Kenya deploys radio system for wildlife surveillance



Date Published

NAIROBI:  Kenya Wildlife Service (KWS) on Monday launched a secure digital radio system to help improve its efficiency in wildlife surveillance in the country and thus protect elephants and rhinos from poachers.

KWS said a 7 million U.S. dollars digital radio system extended to Kenya by the French government is capable of covering a wide area compared to the previous analogue system, besides being configured to send audio and text messages.

“The system has the capability of transmitting data as well as GPS tracking among other features that are set to revitalize wildlife protection and management by KWS,” the wildlife agency said in a statement issued in Nairobi.

It said radio system will also help improve communication among security personnel in three KWS conservation areas — Tsavo, Southern and Central Rift where rampant poaching is.

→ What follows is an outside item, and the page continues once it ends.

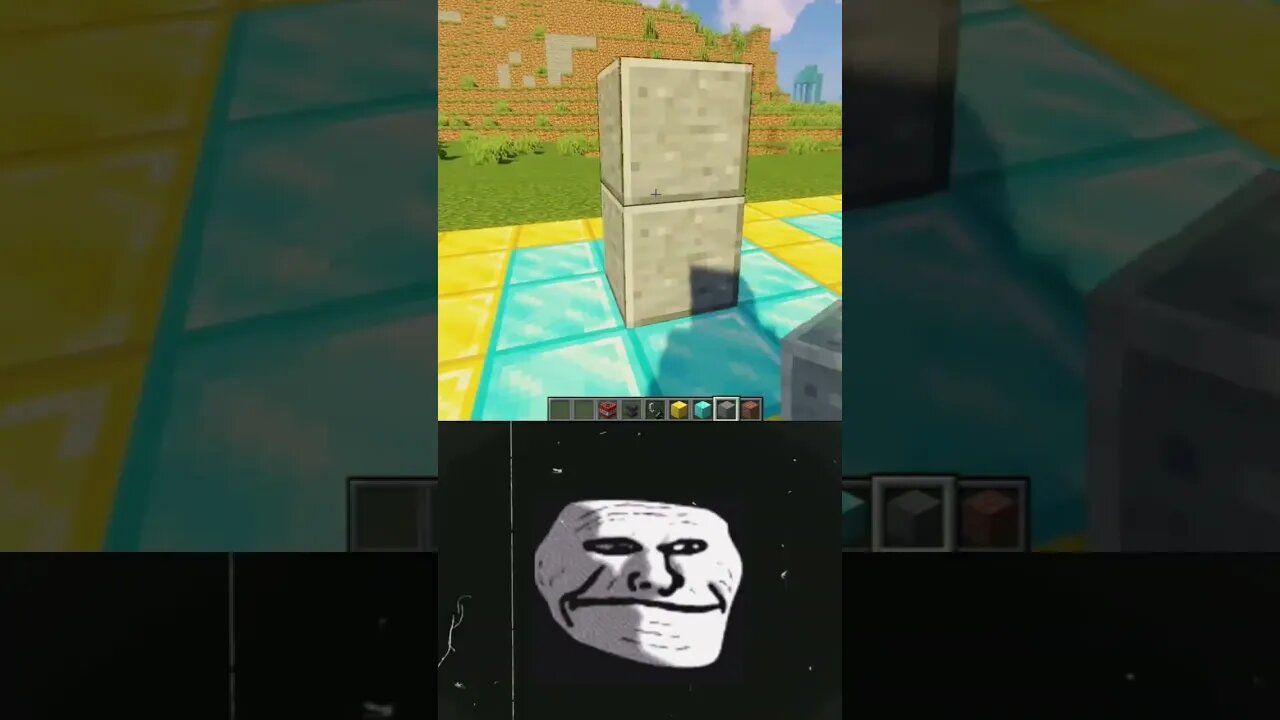 Minecraft logic 51 Sec🤣 (troll memes face) #shorts #viral #trending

French Minister for Ecological and Inclusive Transition Nicolas Hulot, who commissioned the digital radio system in Nairobi, said the system is secure with inbuilt encryption and the sound is clearer.

The minister said France is encouraged by the stringent efforts KWS is making to conserve and manage wildlife, noting wildlife security is mainly dependent on timely intelligence communication among security personnel.

Wildlife conservationists have decried the entry of organized crime syndicates into the illegal wildlife trade, most notably of rhino horn and elephant ivory, which they said, has created a crisis situation in many African countries.

Kenya says the wanton killing of elephants, rhino and other wildlife species is having a huge impact on the tourism sector and the authorities have stepped up surveillance on traffickers of ivory.

Heavily-armed criminals kill elephants and rhinos for their tusks, which are used for ornaments and in some folk medicines.